In this case, for simplicity, method getDecryptedCardDetails just maps string to CardDetails object. In a real application one would have the decryption logic here.

Repository

Spring Data is used to create Repository. The card info in the service is retrieved by id, so there is no need to define custom methods and the code looks like this:

@Repository
public interface CardInfoRepository extends CrudRepository<CardInfoEntity, String> {
}

Redis Configuration

We need the entity to be stored only for 5 minutes. To achieve this, we have to set up TTL (time to leave). We can do it by introducing a field in CardInfoEntity and adding the annotation @TimeToLive on top. It can also be achieved by adding the value to @RedisHash: @RedisHash(timeToLive = 5*60).

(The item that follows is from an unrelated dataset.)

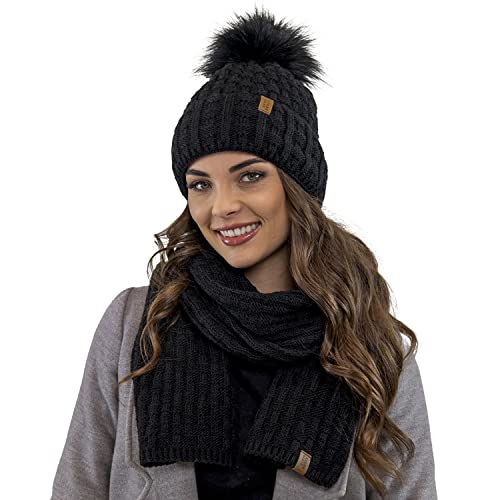 VIVISENCE Trendige Damen Winter Bommelmütze Mit Weichem Vlies-Innenfutter Aus Wärmendem Garn Antistatische Eigenschaften Perfekte Passform Für Kalte Wintertage Modisches Design, Schwarz,Einheitsgröße VIVISENCE Trendige Damen Winter Bommelmütze Mit Weichem Vlies-Innenfutter Aus Wärmendem Garn Antistatische Eigenschaften Perfekte Passform Für Kalte Wintertage Modisches Design, Schwarz,Einheitsgröße von VIVISENCE
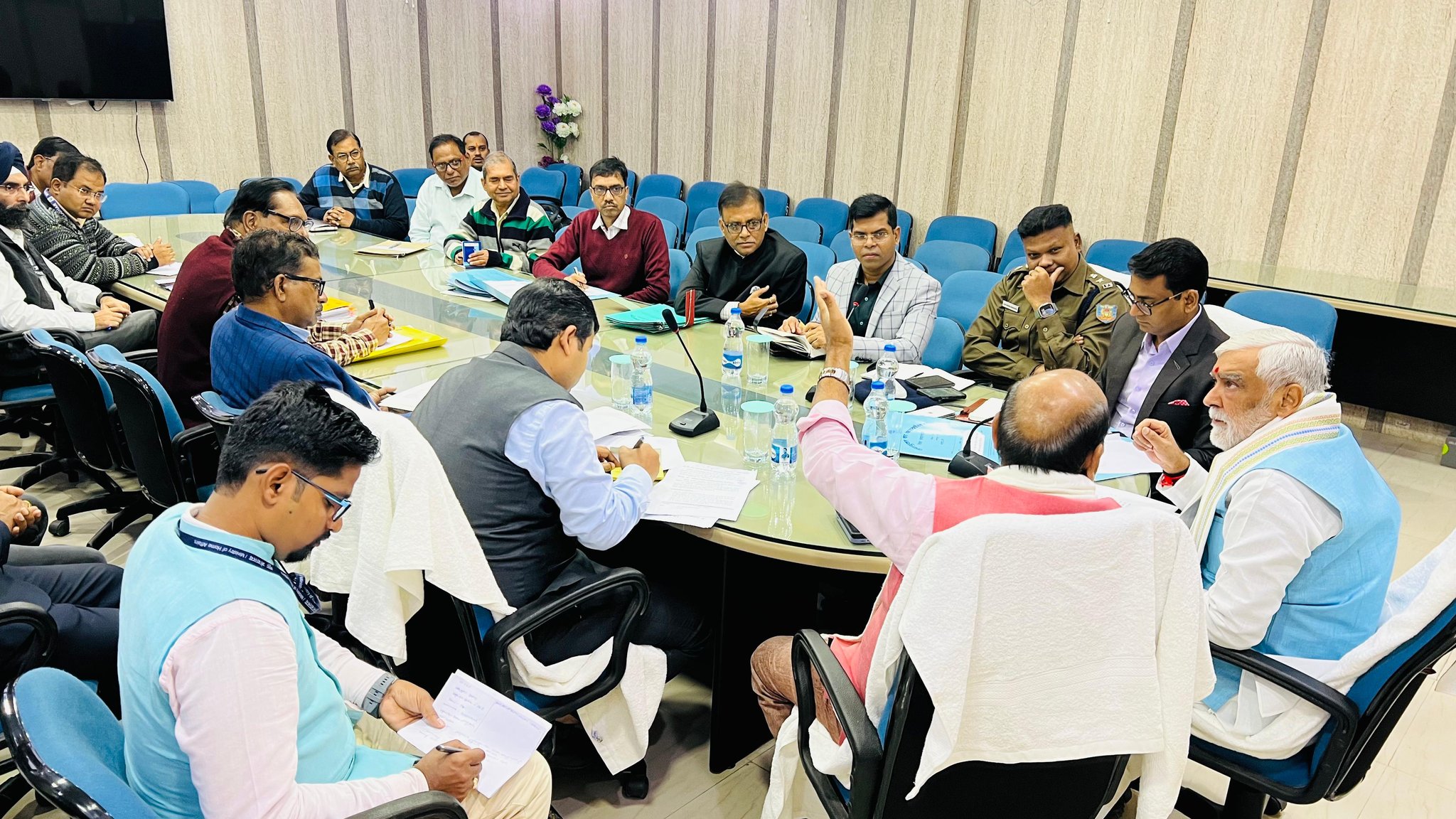 देवघर में शहर के 5 KM परिधि में विकसित होगा नगर वन, केंद्रीय मंत्री अश्विनी चौबे ने… - City forest will be developed in Deoghar within 5 KM radius of the city, Union Minister Ashwini Choubey said…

Both ways have some flaws. In the first case, we have to introduce a field that doesn’t relate to business logic. In the second case, the value is hardcoded. There is another option: implement KeyspaceConfiguration. With this approach we can use property in application.yml to set ttl and if needed other Redis properties.

@Configuration
@RequiredArgsConstructor
@EnableRedisRepositories(enableKeyspaceEvents = RedisKeyValueAdapter.EnableKeyspaceEvents.ON_STARTUP)
public class RedisConfiguration {
   private final RedisKeysProperties properties;

   @Bean
   public RedisMappingContext keyValueMappingContext() {
       return new RedisMappingContext(
               new MappingConfiguration(new IndexConfiguration(), new CustomKeyspaceConfiguration()));
   }

   public class CustomKeyspaceConfiguration extends KeyspaceConfiguration {

       @Override
       protected Iterable<KeyspaceSettings> initialConfiguration() {
           return Collections.singleton(customKeyspaceSettings(CardInfoEntity.class, CacheName.CARD_INFO));
       }

       private <T> KeyspaceSettings customKeyspaceSettings(Class<T> type, String keyspace) {
           final KeyspaceSettings keyspaceSettings = new KeyspaceSettings(type, keyspace);
           keyspaceSettings.setTimeToLive(properties.getCardInfo().getTimeToLive().toSeconds());
           return keyspaceSettings;
       }
   }

   @NoArgsConstructor(access = AccessLevel.PRIVATE)
   public static class CacheName {
       public static final String CARD_INFO = "cardInfo";
   }
}

To make Redis delete entities with TTL one has to add enableKeyspaceEvents = RedisKeyValueAdapter.EnableKeyspaceEvents.ON_STARTUP to @EnableRedisRepositories annotation. I introduced CacheName class to use constants as entity names and to reflect that there can be multiple entities that can be configured differently if needed.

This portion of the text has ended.